I prefer the name 'local' to the name 'cpu', but I'm not hugely fussed.

> >> Another question to ask is whether to keep using separate
> >> interfaces for static and dynamic percpu variables or migrate to
> >> something which can take both.
> >
> > Well, IA64 can do stuff with static percpus that it can't do with
> > dynamic (assuming we get expanding dynamic percpu areas
> > later). That's because they use TLB tricks for a static 64k per-cpu
> > area, but this doesn't scale. That might not be vital: abandoning
> > that trick will mean they can't optimise read_percpu/read_percpu_var
> > etc as much.
>
> Isn't something like the following possible?
>
> #define pcpu_read(ptr) \
> ({ \
> if (__builtin_constant_p(ptr) && \
> ptr >= PCPU_STATIC_START && ptr < PCPU_STATIC_END) \
> do 64k TLB trick for static pcpu; \
> else \
> do generic stuff; \
> })

No, that will be "do generic stuff", since it's a link-time constant. I don't know that this is a huge worry, to be honest. We can leave the __ia64_per_cpu_var for their arch-specific code (I feel the same way about x86 to be honest).

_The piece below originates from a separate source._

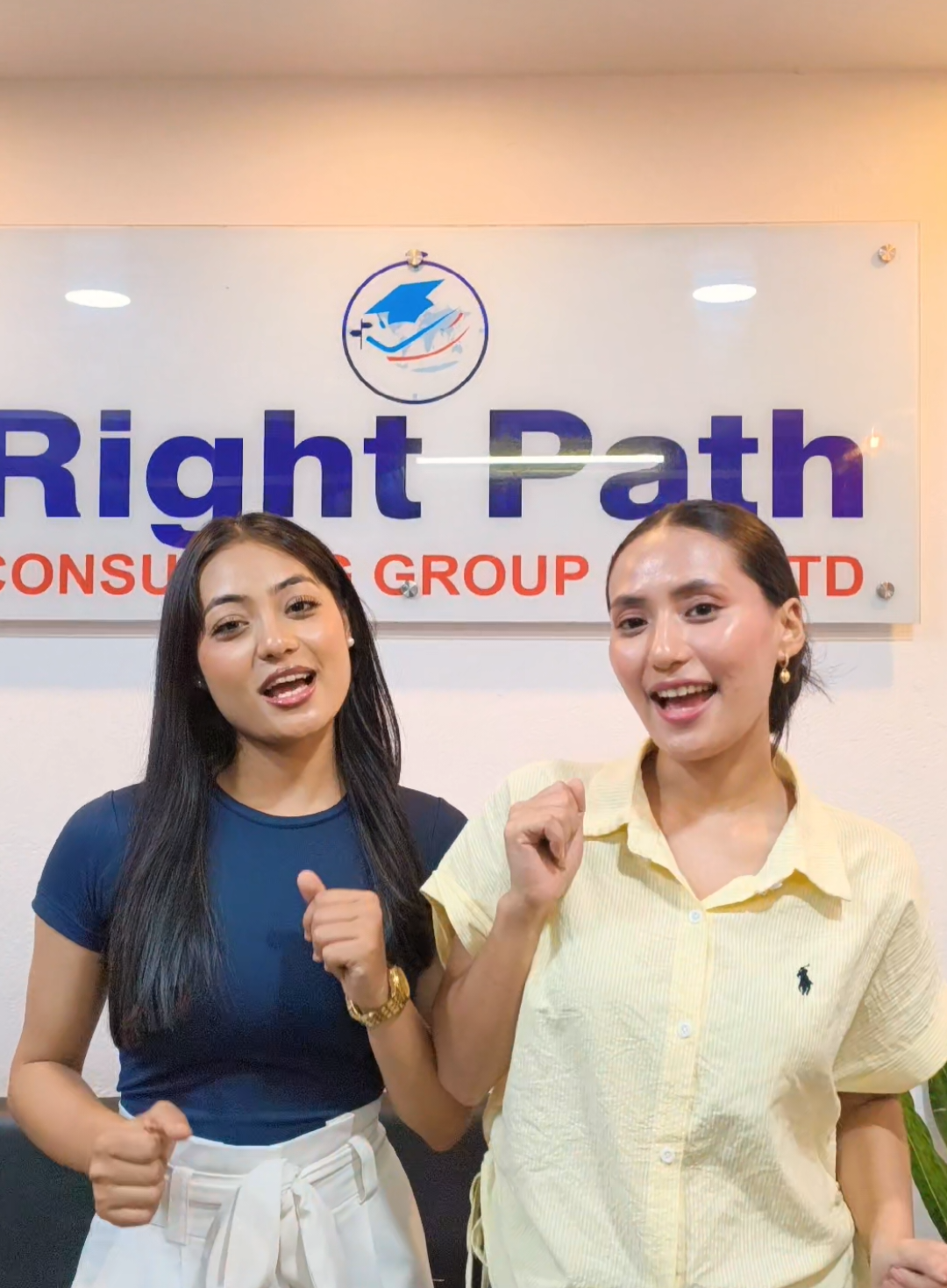 @Right Path Consulting Group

> > Tejun, any chance of you updating the tj-percpu tree? My current
> > patches are against Linus's tree, and rebasing them on yours
> > involves some icky merging.
>
> If Ingo is okay with it, I'm fine with it too. Unless Ingo objects,
> I'll do it tomorrow-ish (still big holiday here).

Ah, I did not realize that you celebrated Australia day :)

Cheers!
Rusty.

2009-01-28 10:57:25

by Tejun Heo

[permalink] [raw]
Subject: Re: [PATCH] percpu: add optimized generic percpu accessors

Hello,

Rusty Russell wrote:
> On Tuesday 27 January 2009 12:54:27 Tejun Heo wrote:
>> Hello, Rusty.
>
> Hi Tejun!
>
>> There actually were quite some places where atomic add ops would be
>> useful, especially the places where statistics are collected. For
>> logical bitops, I don't think we'll have too many of them.
>
> If the stats are only manipulated in one context, than an atomic
> requirement is overkill (and expensive on non-x86).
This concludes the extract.